Registamos ganhos pontuais momentâneos, mas, no geral, apresentamo-nos tolhidos e atados, incapazes de progredir, independentemente da evolução da economia ou dos ciclos políticos. Persiste um grupo social amplo pobre, que engloba mais de 10 % do total dos trabalhadores, uma parte significativa de idosos pensionistas, e as crianças das famílias destes dois conjuntos de pessoas.
A pobreza é uma desgraça, tem de ser tratada como tal, mas jamais pode ser aceite como fatalidade. As Nações Unidas, os líderes de diversas culturas e religiões, como por exemplo o Papa Francisco, dizem, insistentemente, que "a pobreza não é um desígnio mundial" e que são necessárias políticas estruturais dirigidas ao comportamento e às condições dos que não são pobres (desde logo aos ricos), com a consciência de que há que encetar transformações profundas da humanidade. Numa perspetiva conjuntural são louváveis as ações que atenuam as carências e os sofrimentos causados pela pobreza, mas confundir tais atitudes com o combate estrutural é hipocrisia pura.
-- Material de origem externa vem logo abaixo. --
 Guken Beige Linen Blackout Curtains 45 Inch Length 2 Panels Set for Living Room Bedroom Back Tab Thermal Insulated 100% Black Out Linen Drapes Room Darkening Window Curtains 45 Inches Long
Não se combate a pobreza com caridadezinha e com prestações pobres para os pobres.
É preciso tratar o pilar das políticas sociais respondendo às manifestações da pobreza com respostas robustas, por exemplo nos meios de apoio aos idosos e às crianças ou na proteção aos desempregados e, em simultâneo, atacar as suas causas profundas: desenvolvendo políticas públicas ofensivas que entram pelos campos da economia e da política fiscal; assegurando a prestação dos direitos universais a todas as pessoas nas áreas da saúde, do ensino e da habitação; garantindo regulação e efetividade das leis laborais, salários dignos e melhor qualidade do emprego; travando um forte combate cultural que leve a sociedade portuguesa a não ser tolerante perante a pobreza.
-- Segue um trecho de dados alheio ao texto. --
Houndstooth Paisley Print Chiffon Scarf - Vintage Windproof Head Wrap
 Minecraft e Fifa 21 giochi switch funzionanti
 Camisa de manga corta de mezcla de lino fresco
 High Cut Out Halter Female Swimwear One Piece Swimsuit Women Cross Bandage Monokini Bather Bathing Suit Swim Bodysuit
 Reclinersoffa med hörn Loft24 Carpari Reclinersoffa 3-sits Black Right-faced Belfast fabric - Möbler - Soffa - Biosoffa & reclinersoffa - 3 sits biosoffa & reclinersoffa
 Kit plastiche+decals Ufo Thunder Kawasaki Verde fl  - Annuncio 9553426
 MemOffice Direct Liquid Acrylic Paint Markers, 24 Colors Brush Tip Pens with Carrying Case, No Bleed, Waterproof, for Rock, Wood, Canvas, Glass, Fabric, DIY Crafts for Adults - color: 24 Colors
Os Orçamentos do Estado são expressões das nossas escolhas como sociedade e da coerência política com que encaramos os problemas.
O tempo da sua discussão constitui um momento propício para uma abordagem profunda dos caminhos para a erradicação da pobreza. Porque se trata de um processo transformador, é indispensável um bom diagnóstico e coragem política.
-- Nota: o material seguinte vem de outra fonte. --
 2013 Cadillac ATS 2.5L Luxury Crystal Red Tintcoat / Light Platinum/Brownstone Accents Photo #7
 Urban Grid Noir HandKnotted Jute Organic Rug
A tese de que primeiro se trata da criação da riqueza e depois das formas de a distribuir é uma das maiores trapaças com que se alimentam as políticas de baixos salários, a libertinagem contratual que raia o criminoso, as desigualdades e a pobreza. A distribuição da riqueza trata-se no momento em que se discutem as formas de assegurar o seu crescimento. Só esta simultaneidade possibilita compromissos entre as partes, através do diálogo e da negociação coletiva, para que o trabalho seja mais produtivo e a segurança social mais robusta.
A destruição progressiva da negociação coletiva, que já leva quase duas décadas, e a não atualização regular e justa das pensões de reforma e de prestações sociais estruturantes são os fatores que, provocando uma harmonização no retrocesso, mais alimentam a "eternização" da pobreza no nosso país.